In an address to the African Lodge at Menotomy (now West Cambridge) on June 24, 1797, Hall focused on slavery in the United States. Reflecting on the recent slave revolt on the West Indies island of Hispaniola that resulted in the creation of Haiti, he encouraged his audience to have faith in God and to bear their burdens quietly, but to be ready for the day of deliverance. The Voice of Black America quotes Hall's petition: Now, my brethren, nothing is stable; all things are changeable. Let us seek those things which are sure and steadfast, and let us pray God that, while we remain here, he would give us the grace and patience and strength to bear up under all our troubles, which, at this day, God knows, we have our share of. Patience, I say; for were we not possessed of a great measure of it, we could not bear up under the daily insults we meet with in the streets of Boston, much more on public days of recreation. How, at such times, are we shamefully abused, and that to such a degree that we may truly be said to carry our lives in our hands, and the arrows of death are flying about our heads. Helpless women have their clothes torn from their backs, even to the exposing of their nakedness. ... My brethren, let us not be cast down under these and many other abuses we at present are laboring under, for the darkest hour is just before the break of day. My brethren, let us remember what a dark day it was with our African brethren, six years ago, in the French West Indies. Nothing but the snap of the whip was heard, from morning to evening. Hanging, breaking on the wheel, burning, and all manner of tortures were inflicted upon those unhappy people. But, blessed be God, the scene is changed.

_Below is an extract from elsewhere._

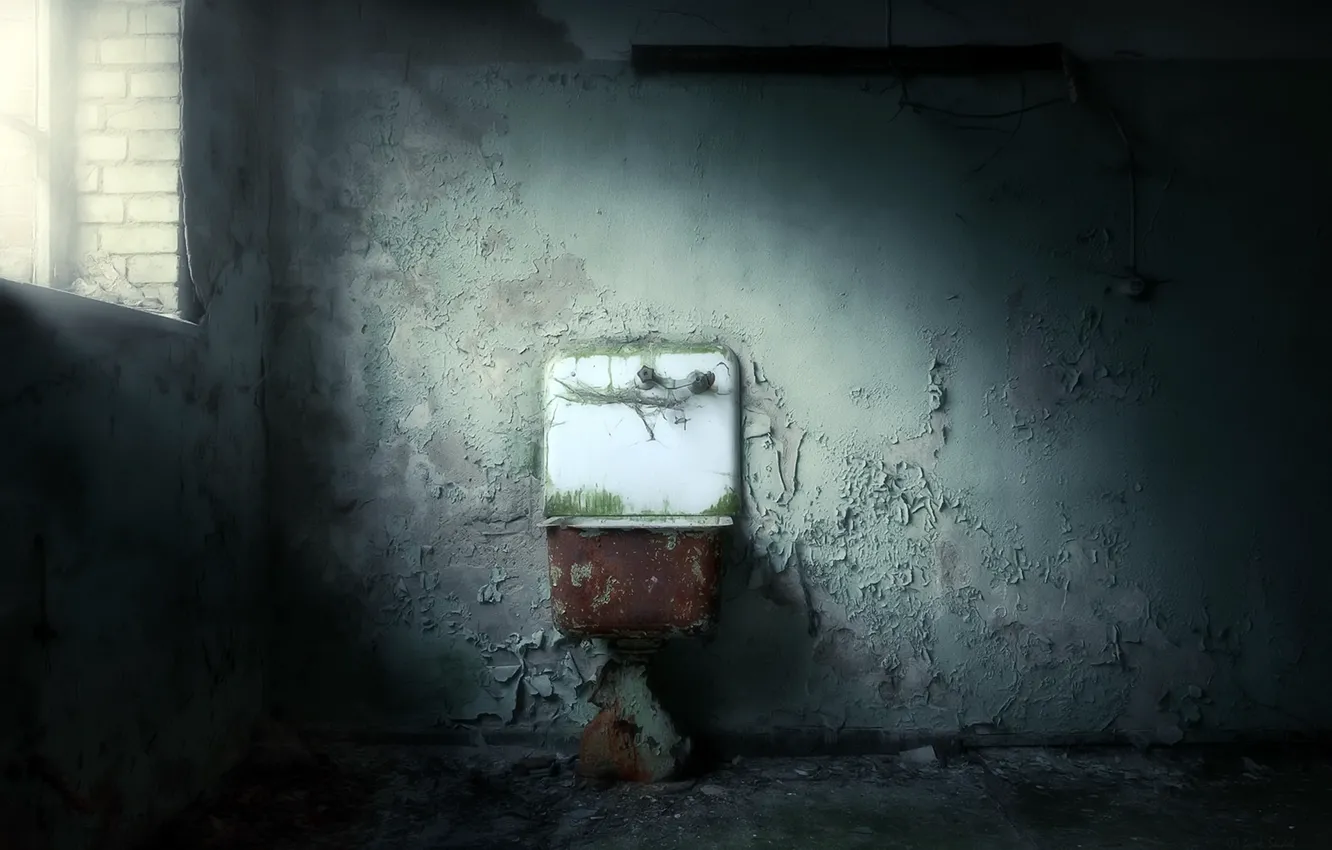 Photo wallpaper room, window, sink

Hall did not hold all white men accountable for the institution of slavery; in fact, he hoped that with the support of like-minded whites, black men could help bring about abolition through persuasion. However, he was not encouraged by the fact that even white Masons did not freely accept their black counterparts, despite their claims to liberty, fraternity, and love of God.
As black masonry continued to remain separate from white masonry in the United States, Hall spread his organization to other cities. On June 24, 1797, a second black lodge was chartered in Providence, Rhode Island. A year later, a third one was started in Philadelphia, with Absalom Jones as worshipful master and Richard Allen as treasurer.
On June 28, 1798, Hall appears to have married for a third time. Sylvia (or Zilpha) Ward would remain his wife until his death a decade later.
In 1800 Hall made a second request to the selectmen of Boston to acquire a building for a black school. After another refusal, Hall offered his own home for the school. A pair of Harvard College students served as teachers until 1806. At that point, increased enrollment forced a move to larger facilities, which were provided by the African Society House on Belknap Street.
Prince Hall died in Boston on December 4, 1807. Funeral rites, in accord with masonic rites, were performed at his home in Lendell's Lane one week later. He was buried in the 59th Street Mathews Cemetery, Boston, in late March, 1808, after a large procession of blacks followed his body to the gravesite. Within a year of his death, Hall's followers renamed their order for their former, much-beloved leader.
Born in obscurity, Prince Hall literally worked himself free of his lowly beginnings. Through diligence and effort he cultivated his abilities, then used them to help others do the same. His name lives on in the title of the largest and most well-regarded black fraternal order, the Prince Hall Masons.
Kaplan, Sidney. The Black Presence in the Era of the American Revolution 1770--1800. Greenwich: New York Graphic Society, 1973.
Logan, Rayford W., and Michael R. Winston, eds. Dictionary of American Negro Biography. New York: Norton, 1982.
Salzman, Jack, David Lionel Smith, and Cornel West, eds. Encyclopedia of African-American Culture and History. New York: Macmillan Library Reference USA/Simon and Schuster Macmillan, 1996.